Far more important matters to be dealt with, sans doute: such as the opportunistic resignation of Averil Power, aka Senator Window and the latest sneaking in and out through this thingy called the Transfer Window.
By burglar boys of Company C in domino masks, striped red and black jerseys with a big bag marked SWAG.
Brian Poole and the Tremoloes? Whatever about Spotify, EB, Perkie’s inner spotty-faced gurrier has an insider-fading memory of BP and the T’s miming at the foot of Nelson’s Pillar in Sackville Street.
If they (and it) were to return no doubt they would be miming ‘Silence is Golden’.
How to explain this mouse-like silence of the normally verbose FSS media on the Shinner performance in Carlow-Kilkenny?
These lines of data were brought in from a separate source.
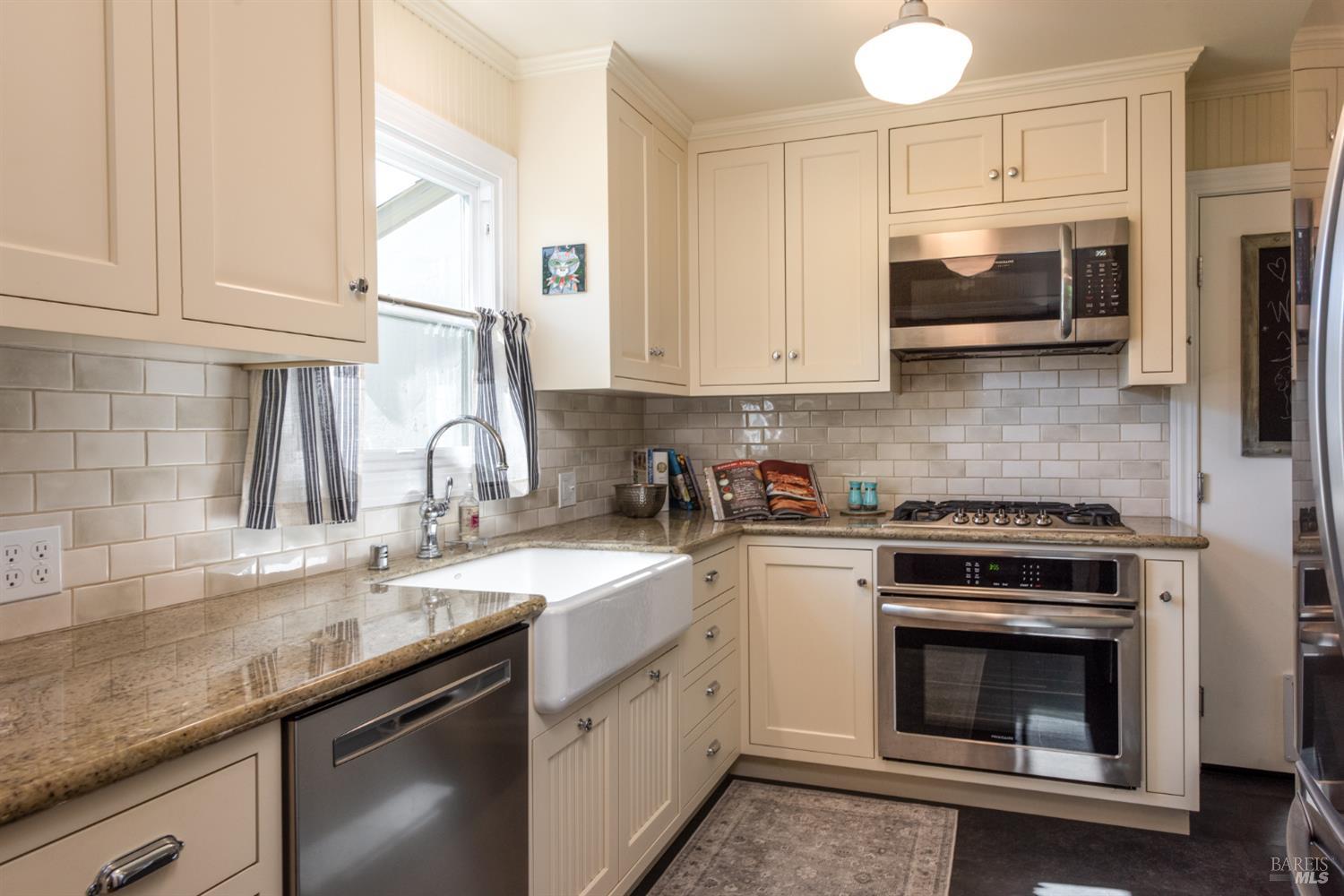 556 Alderbrook Drive Santa Rosa CA 95405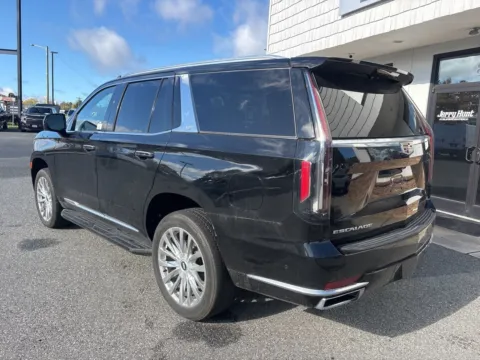 More photos of 2022 Cadillac Escalade Premium Luxury at Jerry Hunt Supercenter - Lexington, NC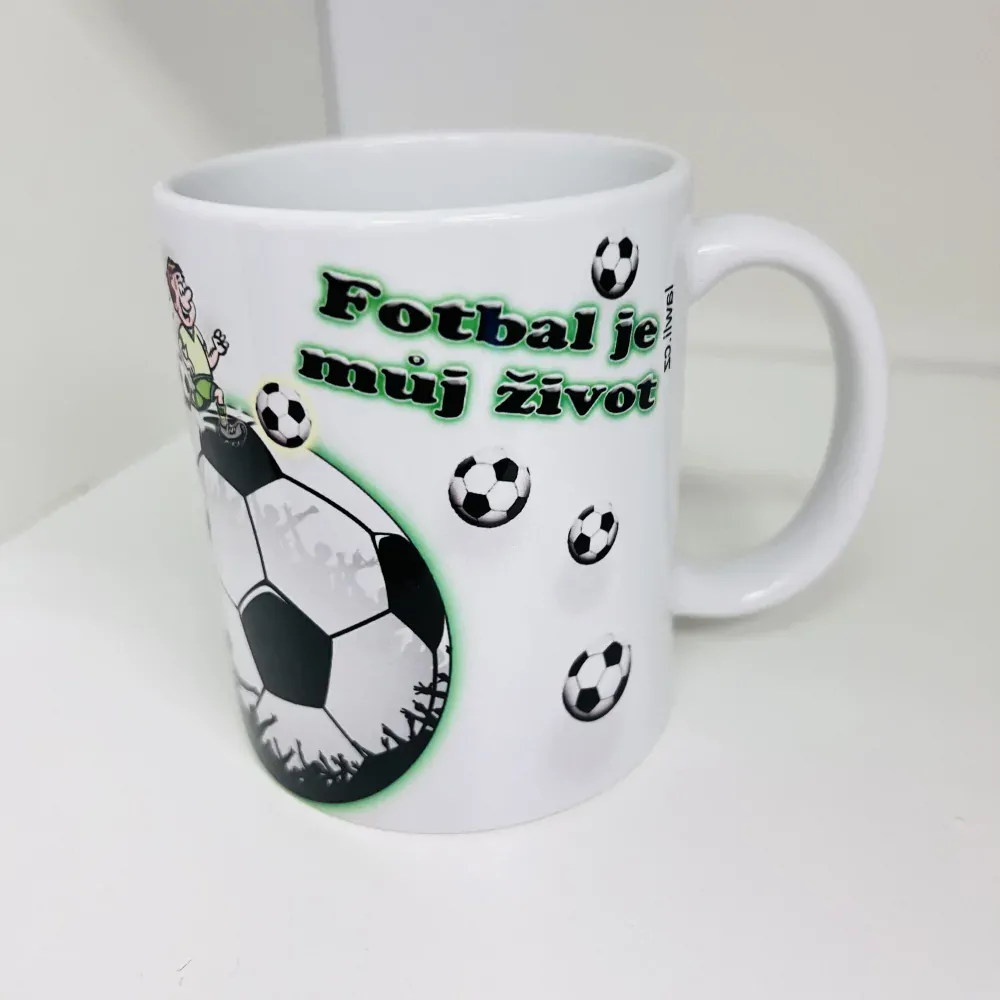 HRNEK - FOTBAL JE MŮJ ŽIVOT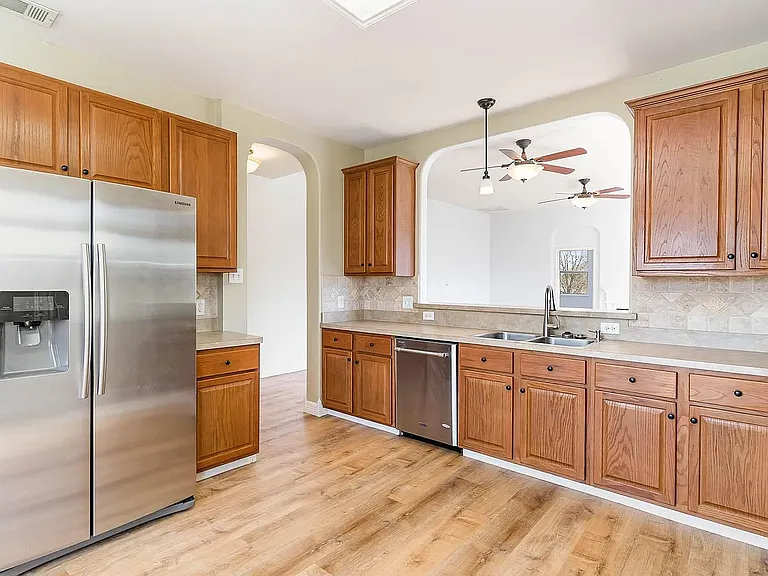1300 Clear Creek Dr — Photo 11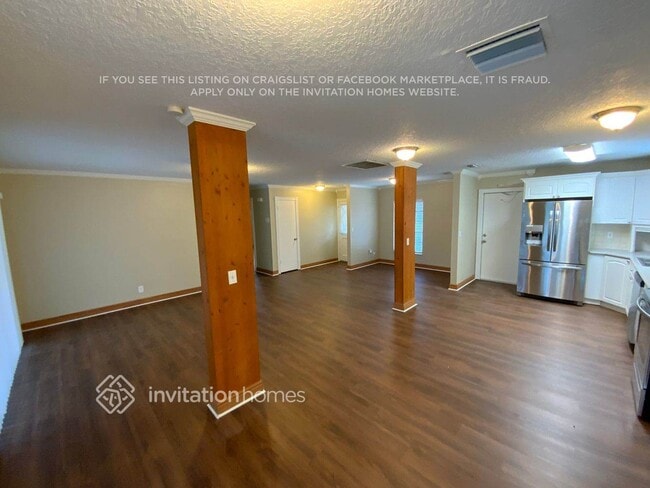 Photo - 3857 Bluebell St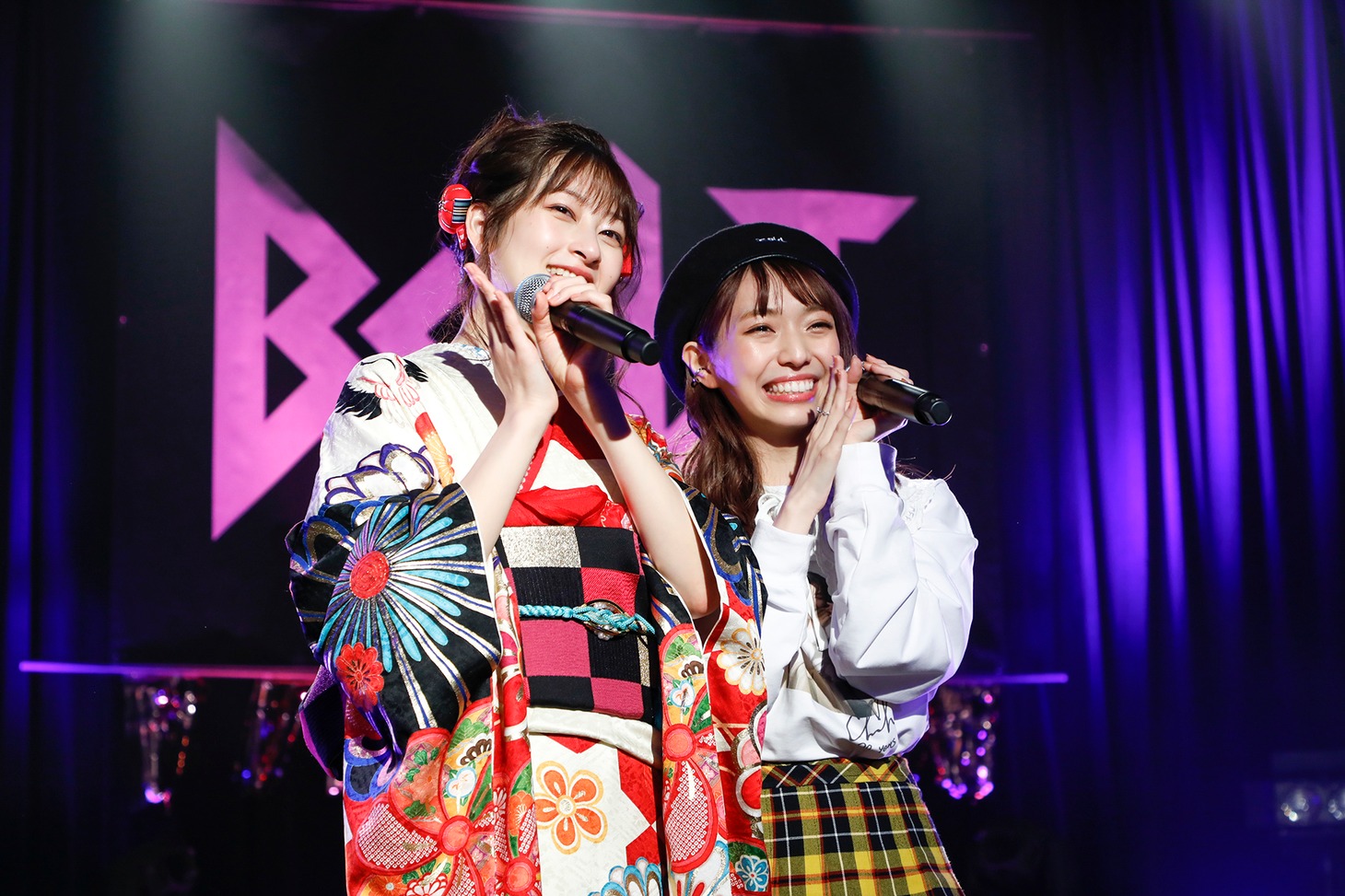 左から高井千帆、内藤るな。（撮影：笹森健一）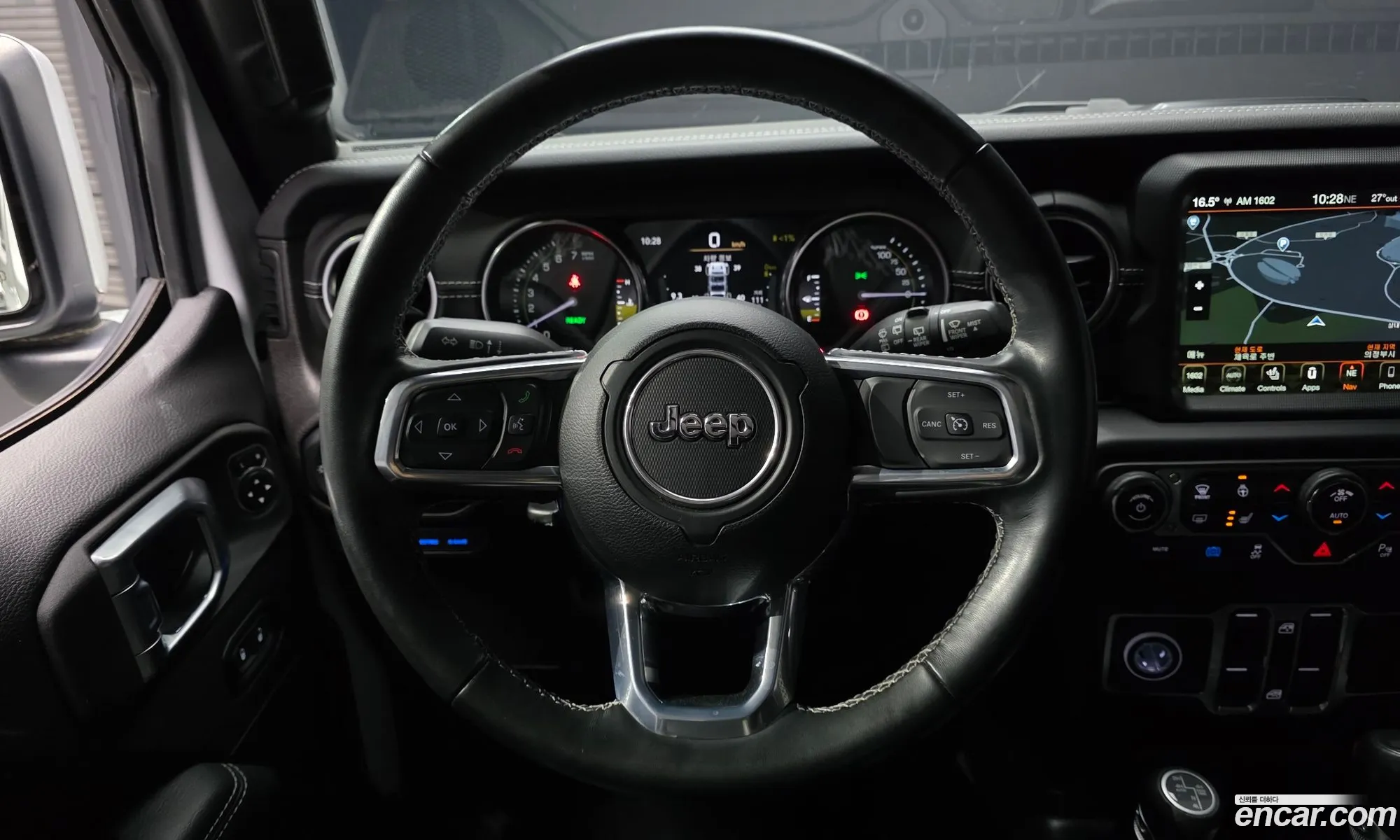 Jeep Wrangler 2022 — 22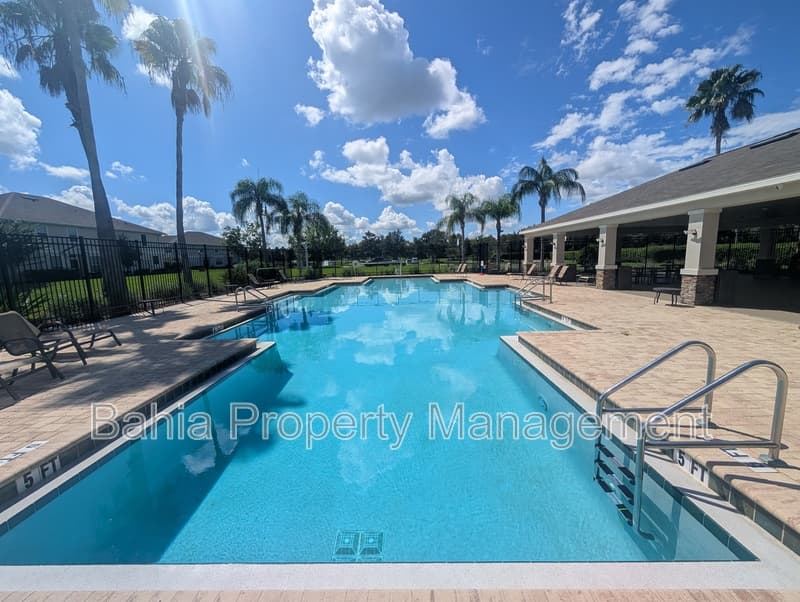 Plant City Townhome: 803 Ashentree Dr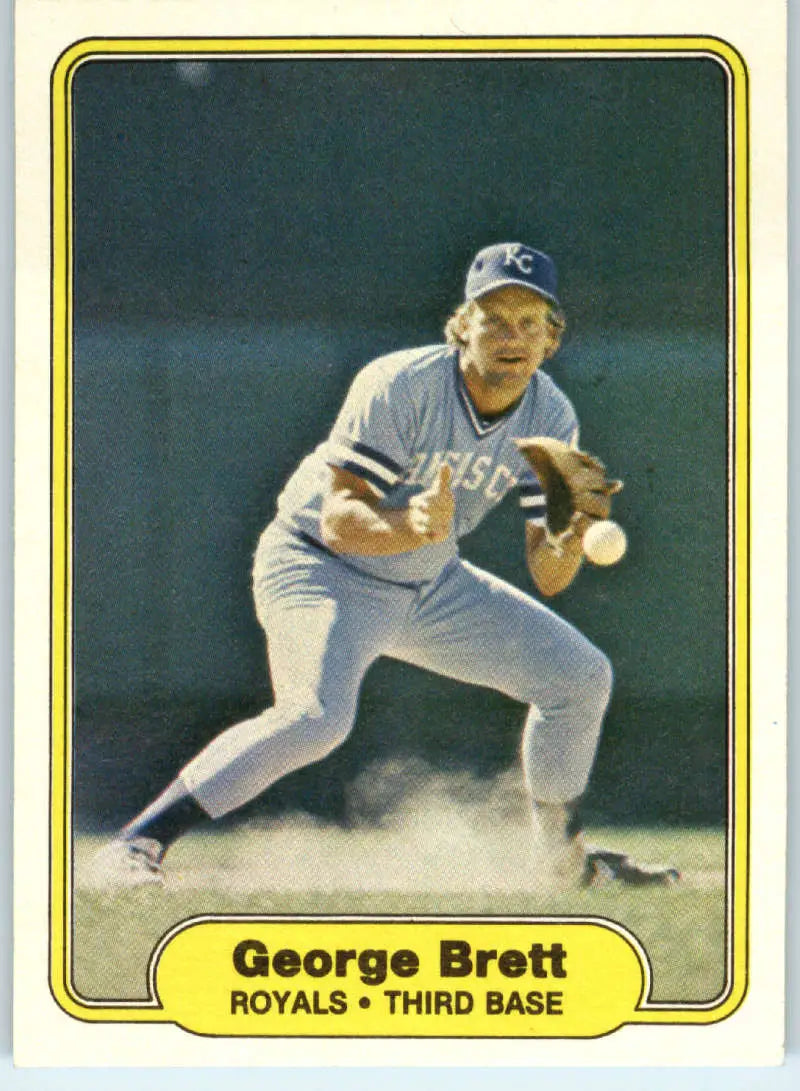 1982 Fleer #405 George Brett EX Excellent Kansas City Royals Baseball Card - Baseball Card Single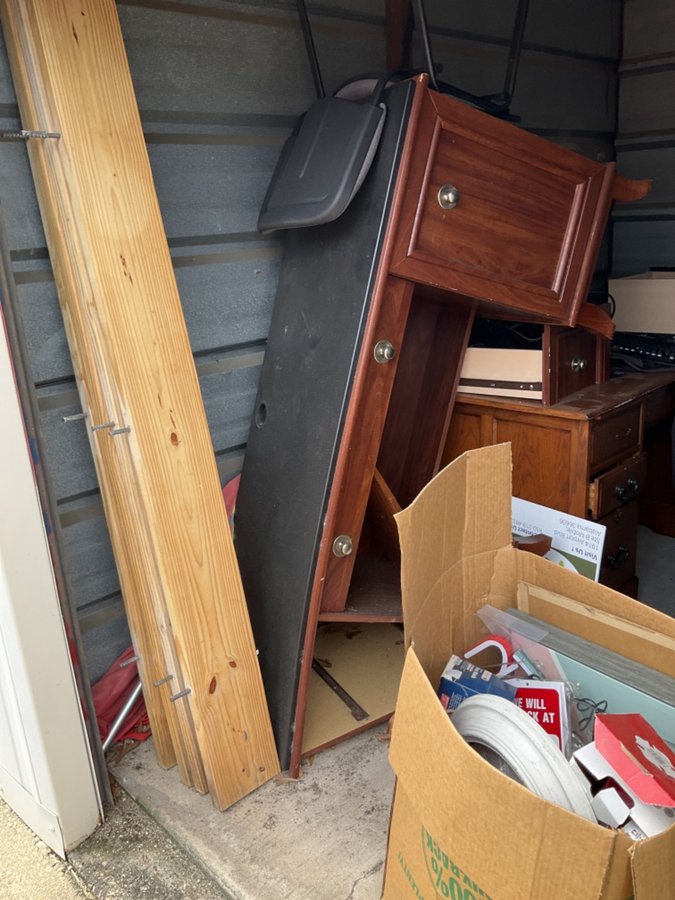 10 x 10 storage unit in Mobile, AL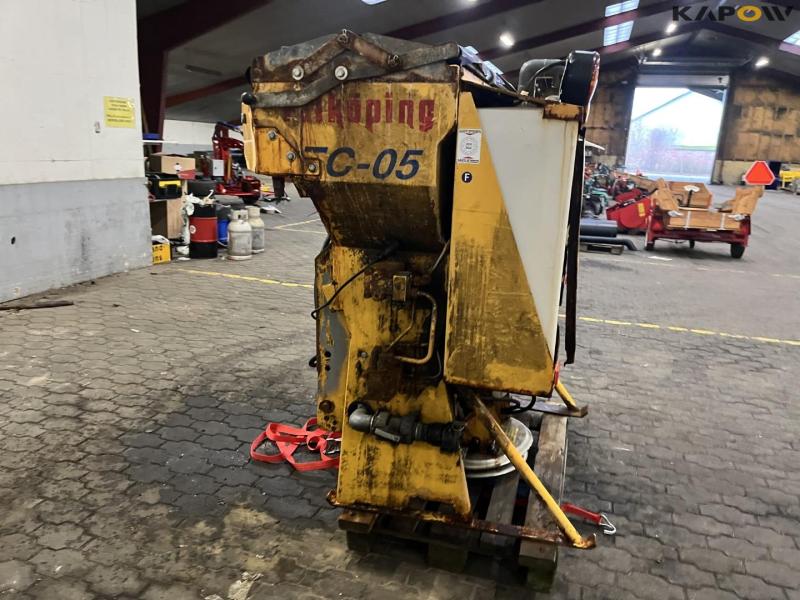 Falköping TC-05 salt spreader 4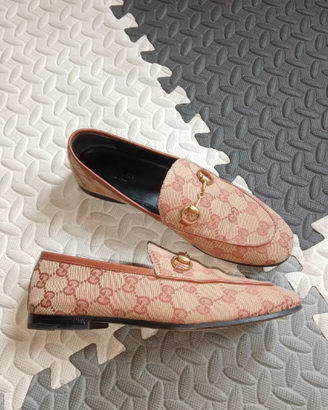 Mocassini classici da donna con fibbia classica Gu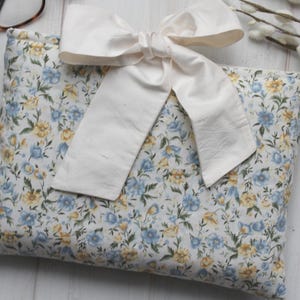 Quilted Bible Cover, Bow Bible Sleeve Cover, Yellow Floral Quilted Bible Sleeve, Gift for Women, Christian gift for Women,Fabric Bible Cover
Could it be that there are actually even more former winners of Observer Mice Debating Competition among their sherried ranks than has been hitherto revealed?
Perhaps it is better if we are not told.
Beir bua !
Iolar, – Its not often I go for a Burton, but when I read Joan’s words above, in this case I must agree with her and her republican origins.
The Labour Party in the Republic has very republican roots, having begun with the Official IRA which did go on ceasefire in the north (though they did kill two police officers in Lurgan, Co Armagh at that time).
From the Stickies they morphed into the Workers’ Party and then joined up lock, stock and barrel with the then ailing Labour Party.
So, looked at historically, their republican roots stand with the best of them – even though I’ve never seen Joan wearing her Stickie Easter Lily!
Grma, Sherdy though I suspect James Connolly would question the said Republican roots and the route being followed by the leader of the Labour Party. I prefer to let the electorate adjudicate on such matters. Time will tell.